#### [DATA EXTRACT]
· · · · ·
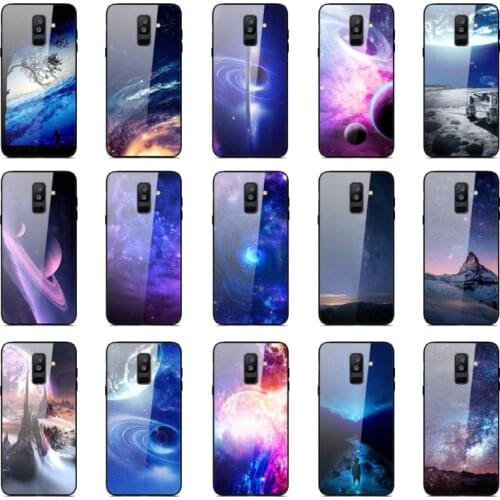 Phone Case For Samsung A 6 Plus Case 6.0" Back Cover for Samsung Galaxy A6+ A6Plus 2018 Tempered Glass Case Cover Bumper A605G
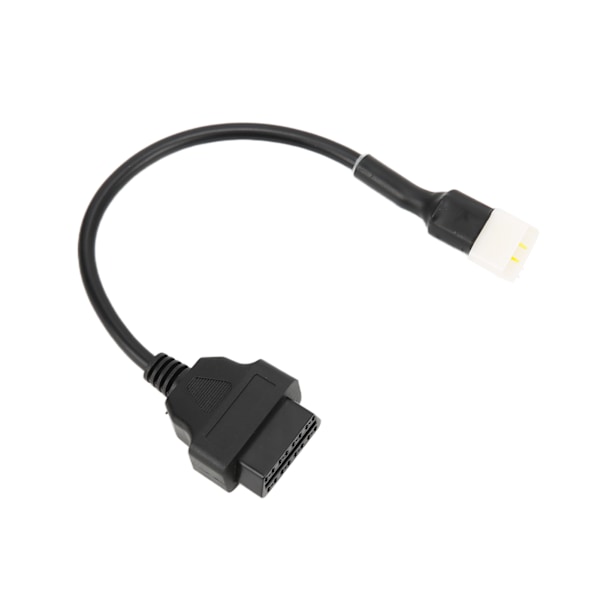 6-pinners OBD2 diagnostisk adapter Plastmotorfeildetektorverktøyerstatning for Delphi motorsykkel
· · · · ·
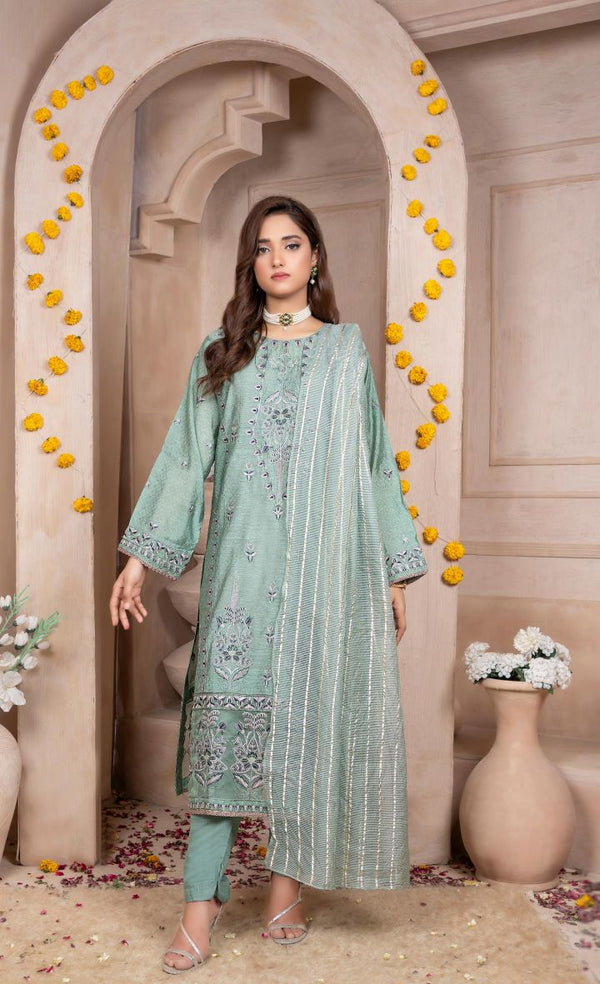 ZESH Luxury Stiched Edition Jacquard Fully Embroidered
· · · · ·
Everything above from the line that has "Phone Case For" down to the line that has "6-pinners OBD2 diagnostisk" should be output exactly, with both of those lines included. Leave the pictures behind.

#### [TASK ANSWER]
 Phone Case For Samsung A 6 Plus Case 6.0" Back Cover for Samsung Galaxy A6+ A6Plus 2018 Tempered Glass Case Cover Bumper A605G
 6-pinners OBD2 diagnostisk adapter Plastmotorfeildetektorverktøyerstatning for Delphi motorsykkel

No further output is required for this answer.